November 23, 2010
“A man travels the world over in search of what he needs and returns home to find it.”
~ George Augustus Moore, The Brook Kerith, Ch. 11 (1916)
Even though we Americans consume resources at an impressive rate, when asked what we value most, we identify our family, friends and communities. The traditions of Thanksgiving, a uniquely American holiday, remind us to offer thanks for all we value, which typically doesn’t include our cars, computers or televisions. Rather, we give thanks for our children, parents, friends, loved ones, colleagues, and those serving our country in far away lands.
Thanksgiving is also a time when we remind ourselves to reach out and help those less fortunate or with fewer resources than we possess. Despite the hardships of living in a time when we experience daily a struggling economy, a climate of political dissatisfaction, and work overloads on the job, we all take a break this week to express our gratitude to and for those around us. It’s a time when we remind ourselves that we humans are truly “all in this together.”

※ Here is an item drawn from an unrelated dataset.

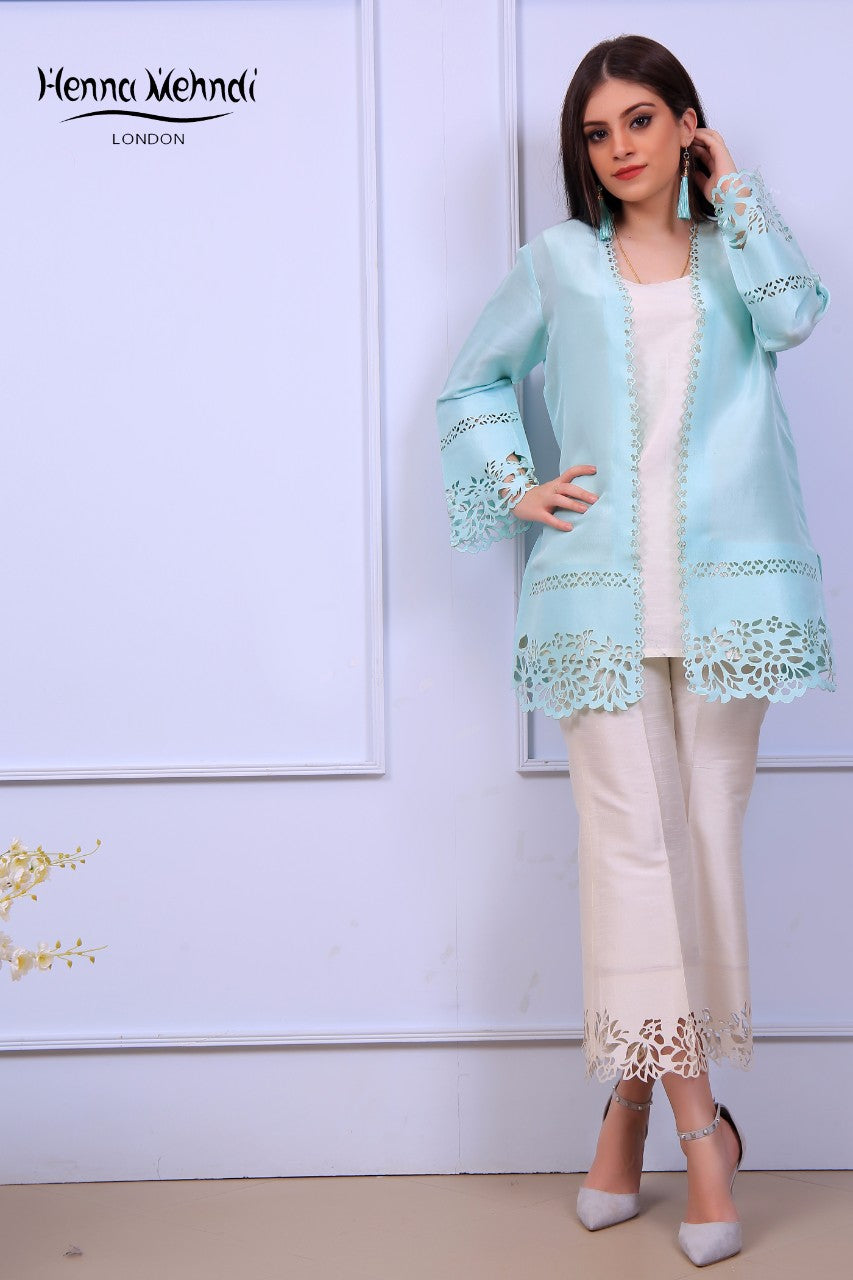 Mint Laser Cut Jacket Outfit - Henna Mehndi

As we begin this week, my first thank you goes to those who serve the children of Albemarle County. Despite the fact that we serve more children with fewer resources than this time last year, you continue to dedicate yourselves to young people. You take money out of your own pockets to fill in gaps so that children will have what they need, including snacks, healthcare, and basic supplies. I recently spoke with the spouse of a teacher who said, “I don’t even ask about the snack receipts anymore. I know she’s just trying to help kids who might otherwise not have a snack.”
In many cases, you are teaching larger classes than we have seen since the mid-nineties. Funds for professional development have dropped dramatically in just three years. Teacher stipends have been cut. Mandates continue to flow from the federal and state governments. Salaries have been frozen for every one employed by Albemarle County. Out-of-pocket health costs have risen. Positions have been eliminated in every department and school without any expectation from our public that we stop providing any services. The national and local media do us no favors by focusing on stories that reflect negatively on public education rather than on the many accomplishments for which our nation, state and community should be thankful as we go into this holiday break.

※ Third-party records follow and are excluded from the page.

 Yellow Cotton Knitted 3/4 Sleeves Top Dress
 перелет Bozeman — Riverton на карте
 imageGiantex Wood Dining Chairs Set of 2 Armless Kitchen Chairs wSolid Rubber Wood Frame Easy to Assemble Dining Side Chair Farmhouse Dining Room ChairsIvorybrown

Our young people attend schools that are some of the best maintained in the United States because of our Building Services staff. They ride safely on buses that travel more than 12,000 miles daily with only a very small chance of being in an accident. They are taught by educators who represent excellence as a teaching faculty— as good as any in the nation. Our principals do whatever it takes to provide support, from making sure that fees for field trips and extracurricular activities are available to those in need to standing in the rain and snow to greet learners when they arrive and leave each day. The work of our schools and Division runs smoothly because of employees, both clerical and administrative, who often may be the least visible—those who provide support so that paychecks get cut, personnel issues get resolved, instructional supplies get ordered, reports get filed, and phones get answered.
In a day and age when we expect every young person to graduate on-time with the highest quality education possible, it truly takes a community of educators and support staff to make that happen. I am proud of Albemarle County Public Schools. I am thankful to you for being the kind of employees who give your best every day, despite the challenges created by our current economic crisis. Our young people are fortunate that you are in their corner and on their side. When I sit down at this year’s Thanksgiving table to gather with family and friends, you will be on the list of those for whom I am most grateful.